Ramsey's theorem for $c$ colours states that (this statement is not copied from anywhere):
Let $c\ge 2$ be an integer, $[c]=\{1,2,\ldots,c\}$ represent $c$ colours, and let $(r_1,r_2,\ldots,r_c)$ be a list of integers greater than or equal to $2$ (note: the integer $1$ can be allowed among the $r_i$ but I prefer to not include this degenerate case). For all sufficiently large positive integers $n$ and for any colouring of the complete graph $K_n$ by the colours $[c]$, there exists an index $i\in[c]$ such that this colouring of $K_n$ contains a monochromatic $i$-coloured $r_i$-clique.
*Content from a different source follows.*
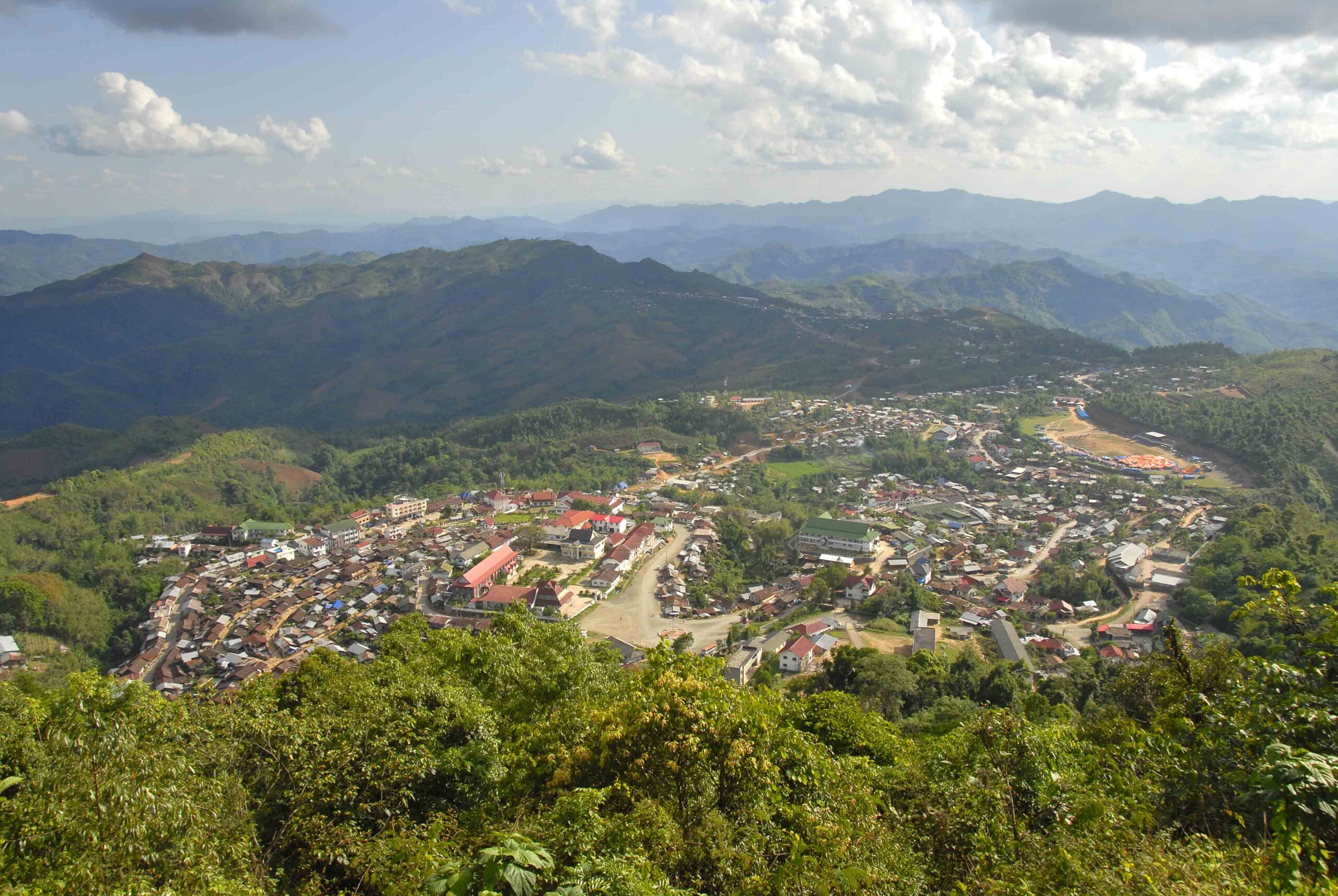 Phongsaly tea mountains Laos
The smallest such $n$ is denoted by $R(r_1,r_2,\ldots,r_c)$. Now suppose the colours stayed the same but we swapped some $r_i$ and $r_j$ in the list $(r_1,r_2,\ldots,r_c)$. Then the two Ramsey numbers stay the same by an argument involving inverse colourings. Since every permutation can be represented by a composition of transpositions, it does not matter how we order the $(r_1,r_2,\ldots,r_c)$. A couple of questions related to each other that are on my mind are:
- Okay... so the $r_i$ are independent of order. But if we put them into a multiset where repetition is allowed but order does not matter, then is each $r_i$ still related to a specific colour?
- Is it true that the colour just need to be distinct once we pass the $(r_1,r_2,\ldots,r_c)$ to a multiset, or does the order on the colours still matter?
These questions are inspired by the fact that when $r_1=r_2=\cdots=r_c$ have a common value $r$, then $R(r_1,r_2,\ldots,r_c)$ has to do with the existence of a monochromatic $r$-clique without caring about the particular colours; the only thing that matters is the size of the desired clique and the number of acceptable distinct colours.
Basically, what I'm wondering is the extent to which we can do some "modding out" in Ramsey's theorem after the usual quoted theorem is obtained, either with respect to the $r_i$ or the colours themselves, or both. I just can't wrap my head around what is the possible statement of the symmetry that seems to exist.